Now consider, for a moment, just the first two squares. Suppose that one is odd and one even. Since we don't care about the other, we'll suggest this by writing [O,E,*]. Suppose we look only at moves that involve just the first two squares. There will always be exactly one possible move, which doubles the smaller of the two numbers. And after that move, we will still have one odd and one even value.
There are only a finite number of possible configurations, so as we continue making the next move, eventually we must return to a configuration we saw before. But the first repeated configuration must be the initial configuration, since each configuration gives us enough information to determine not just the next move but also the previous one.
And therefore, we now know that, given any configuration [O,E,*], we can reach the "previous" configuration just by restricting our moves to the first two squares. But this previous configuration is in fact [O+E/2,E/2,*]. We will need to use this fact soon.
The case [O,E,E]: If we have the case [O,E,E], then suppose we use one E to double the other one. Then we have the case [O,Q,E]. Then, by using our "backup" trick, on [O,Q,*] we can reach [O+Q/2,Q/2,E], which we should rewrite as [O',E,E]. Our moves seem to have brought us right back to the case with which we began. Well, yes, but there's one important difference: the odd value has increased by the value Q/2. Now either Q was zero, in which case we're already done, or else O' is strictly greater than O.
But since we're back at the same case as before, we can apply the same steps again, to increase the odd value again. We can repeat this operation only finitely many times, because the odd value can't get bigger than the total of the three values we started with. So what stops us? It must be that we hit a zero in one of the even squares at some point.
Thus, if we ever reach the case [O,E,E], we are assured of victory.
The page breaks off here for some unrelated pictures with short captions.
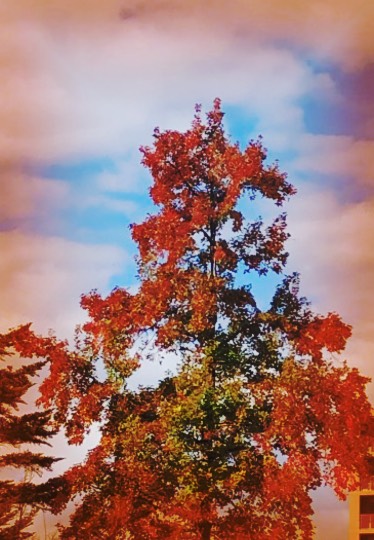 ★ドンキ♡♡ロピア 雑談50★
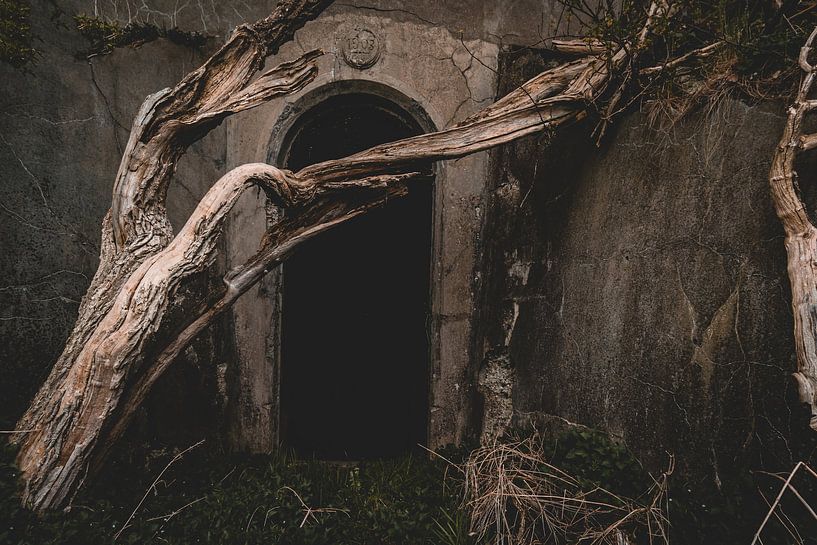 De mystieke ingang van MindScape Photography
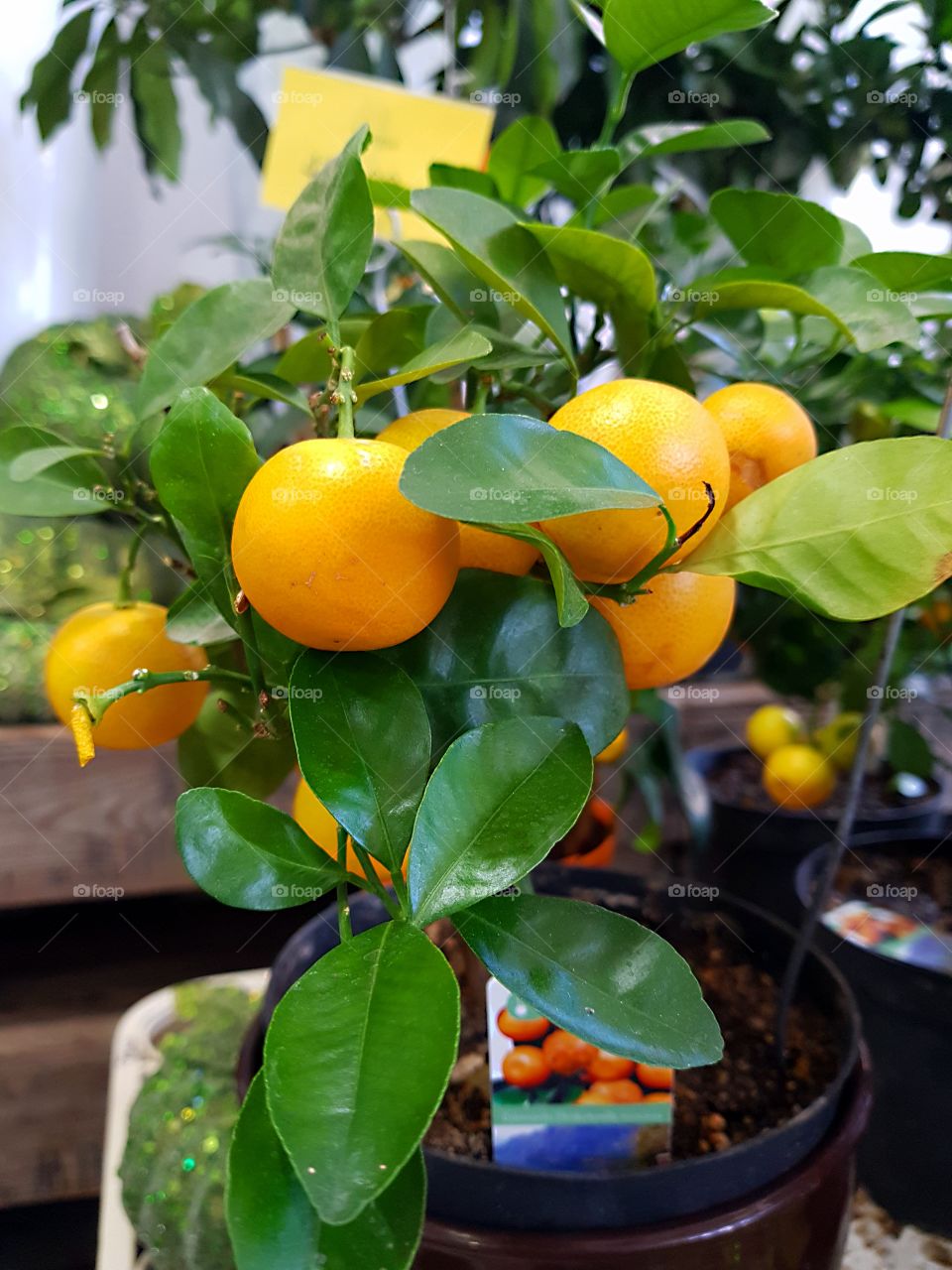 Huge Citrus Fruit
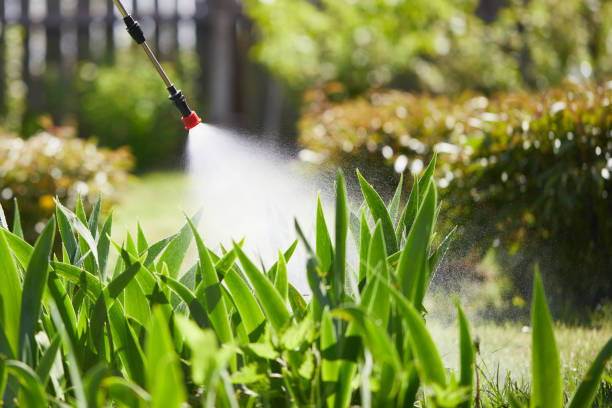 24/7 Emergency Wasp Removal experts in Fontana, CA
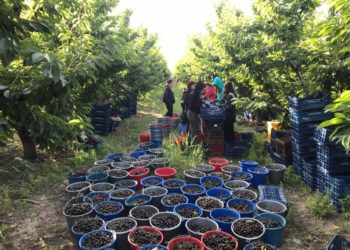 Οικογενειακές αγροτικές ιστορίες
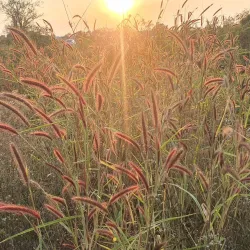 Bang Pakong River - Chachoengsao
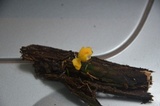 Cyptotrama chrysopepla image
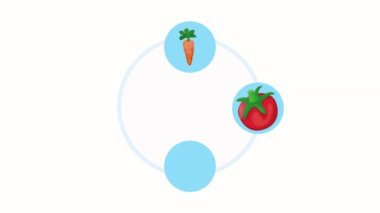 4 sebze sağlıklı yiyecek animasyonu 4k video animasyonu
The case [O,O,O]: Consider the smallest odd value, and make a move using one of the other odd values which doubles the smallest one. In doing this, both odd values become even, so we reach the case [O,E,E]. But that means we are guaranteed victory.
The case [O,O,E]: Make a move involving only the odd values. This brings us to the case [E,E,E], which we will now consider. If we can show that we can win on the case [E,E,E], then that takes care of this case as well.
The case [E,E,E]: This is the only remaining case. We note that we can divide all the values by 2, as many times as necessary, until we get at least one odd value. Dividing out the common factor is like lumping the checkers together into masses of that size. Now we must arrive at one of the cases [O,O,O], [O,O,E] or [O,E,E]. The first and third cases guarantee victory. But what do we do with [O,O,E]? As mentioned in the previous paragraph, a single move transforms [O,O,E] to [E,E,E]. Is this progress, or pointless tail-chasing?
The important thing to notice is that, starting with an [E,E,E] case, the only unresolved situation brings us to an [E,E,E] case again, but with a smaller total number of checkers. That's quite good, actually. If we divide out the 2's again, then we will either reach a guaranteed win, or hit an [O,O,E] case that takes us back to [E,E,E], but now with an even smaller sum.
So if we have a case of [E,E,E], we can't say exactly which case we will end up with, but we know that we can't fall into an infinite loop of [E,E,E] cases because the total is dropping each time, so we are guaranteed to terminate, with a zero value popping up somewhere.
And since the [E,E,E] case must terminate, we know that the related [O,O,E] case also terminates.
I thought about this problem a few years ago, imagined I had a solution, wrote it up, and later realized I was quite wrong. The solution presented here is derived from one posted on http://www.cs.cmu.edu/puzzle/, "The Puzzle Toad" web site at the Carnegie Mellon Computer Science Department, attributed to Tom Bohman, Oleg Pikhurko, Alan Frieze and Danny Sleator. In turn, they attribute the puzzle to an article called "Five Algorithmic Puzzles" by Peter Winkler, presented at a Gathering for Gardner.